*EXERCISE PROMPT*
From the line with "Новый институционализм Название" down to the final line of the records below, retype everything exactly and leave out the rest.

*RECORDED INFORMATION*
========

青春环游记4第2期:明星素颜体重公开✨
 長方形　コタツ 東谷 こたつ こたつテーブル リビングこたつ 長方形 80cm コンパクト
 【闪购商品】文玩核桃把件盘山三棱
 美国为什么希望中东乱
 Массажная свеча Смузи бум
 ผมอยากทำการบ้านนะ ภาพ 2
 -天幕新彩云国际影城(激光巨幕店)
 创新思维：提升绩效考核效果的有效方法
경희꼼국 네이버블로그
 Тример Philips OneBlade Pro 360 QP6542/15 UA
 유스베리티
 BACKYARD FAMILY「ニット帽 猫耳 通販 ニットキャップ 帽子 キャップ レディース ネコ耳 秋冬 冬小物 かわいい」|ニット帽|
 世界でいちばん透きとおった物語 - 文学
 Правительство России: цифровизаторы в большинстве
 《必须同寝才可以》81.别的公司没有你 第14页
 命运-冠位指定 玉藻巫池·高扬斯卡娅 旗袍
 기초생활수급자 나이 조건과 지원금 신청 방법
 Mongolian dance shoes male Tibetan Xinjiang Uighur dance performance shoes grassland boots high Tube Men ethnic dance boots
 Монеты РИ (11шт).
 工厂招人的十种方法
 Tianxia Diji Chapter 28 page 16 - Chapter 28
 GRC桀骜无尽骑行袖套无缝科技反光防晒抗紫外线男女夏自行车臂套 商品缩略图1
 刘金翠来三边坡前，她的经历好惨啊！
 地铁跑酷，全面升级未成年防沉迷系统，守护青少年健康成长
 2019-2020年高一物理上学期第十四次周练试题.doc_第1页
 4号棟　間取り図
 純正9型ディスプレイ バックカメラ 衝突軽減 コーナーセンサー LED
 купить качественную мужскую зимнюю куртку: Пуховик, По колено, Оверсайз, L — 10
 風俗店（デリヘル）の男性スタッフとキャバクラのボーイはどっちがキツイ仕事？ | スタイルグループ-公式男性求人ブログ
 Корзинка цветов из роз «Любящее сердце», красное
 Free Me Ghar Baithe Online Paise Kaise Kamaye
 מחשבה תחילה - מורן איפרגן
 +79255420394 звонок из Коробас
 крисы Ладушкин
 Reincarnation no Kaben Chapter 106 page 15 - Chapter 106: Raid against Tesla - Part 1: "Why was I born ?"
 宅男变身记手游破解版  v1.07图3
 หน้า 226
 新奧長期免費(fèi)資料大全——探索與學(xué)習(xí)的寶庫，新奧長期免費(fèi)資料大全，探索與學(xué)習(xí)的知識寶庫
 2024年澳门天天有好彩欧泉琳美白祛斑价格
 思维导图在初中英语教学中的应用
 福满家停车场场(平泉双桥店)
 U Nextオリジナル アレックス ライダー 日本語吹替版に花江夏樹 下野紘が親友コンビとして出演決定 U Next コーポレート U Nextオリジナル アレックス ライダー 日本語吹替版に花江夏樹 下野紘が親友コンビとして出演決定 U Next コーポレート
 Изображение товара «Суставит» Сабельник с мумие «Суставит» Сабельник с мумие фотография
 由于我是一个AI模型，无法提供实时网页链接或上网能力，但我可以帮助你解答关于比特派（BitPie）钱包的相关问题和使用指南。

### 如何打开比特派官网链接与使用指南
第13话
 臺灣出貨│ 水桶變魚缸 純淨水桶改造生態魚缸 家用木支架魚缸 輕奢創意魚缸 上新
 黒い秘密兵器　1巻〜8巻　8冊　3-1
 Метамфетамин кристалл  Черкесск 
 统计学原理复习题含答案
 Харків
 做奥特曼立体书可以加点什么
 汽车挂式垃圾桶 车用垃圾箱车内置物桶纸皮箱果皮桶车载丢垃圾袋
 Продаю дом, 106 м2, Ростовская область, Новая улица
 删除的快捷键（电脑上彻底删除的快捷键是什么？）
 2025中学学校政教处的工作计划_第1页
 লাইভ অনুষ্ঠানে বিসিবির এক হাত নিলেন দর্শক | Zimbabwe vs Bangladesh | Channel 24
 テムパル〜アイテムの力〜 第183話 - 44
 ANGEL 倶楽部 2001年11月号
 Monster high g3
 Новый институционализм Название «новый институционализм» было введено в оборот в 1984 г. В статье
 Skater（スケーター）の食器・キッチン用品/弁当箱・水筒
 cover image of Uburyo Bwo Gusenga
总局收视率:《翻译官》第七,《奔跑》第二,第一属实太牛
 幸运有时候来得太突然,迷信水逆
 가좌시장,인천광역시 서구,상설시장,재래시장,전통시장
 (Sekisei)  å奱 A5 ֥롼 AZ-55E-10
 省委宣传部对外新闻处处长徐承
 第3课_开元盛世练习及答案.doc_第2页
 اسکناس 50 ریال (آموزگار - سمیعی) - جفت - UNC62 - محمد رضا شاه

========

*SOLUTION FOR THIS PROBLEM*
 Новый институционализм Название «новый институционализм» было введено в оборот в 1984 г. В статье
 Skater（スケーター）の食器・キッチン用品/弁当箱・水筒
 cover image of Uburyo Bwo Gusenga
总局收视率:《翻译官》第七,《奔跑》第二,第一属实太牛
 幸运有时候来得太突然,迷信水逆
 가좌시장,인천광역시 서구,상설시장,재래시장,전통시장
 (Sekisei)  å奱 A5 ֥롼 AZ-55E-10
 省委宣传部对外新闻处处长徐承
 第3课_开元盛世练习及答案.doc_第2页
 اسکناس 50 ریال (آموزگار - سمیعی) - جفت - UNC62 - محمد رضا شاه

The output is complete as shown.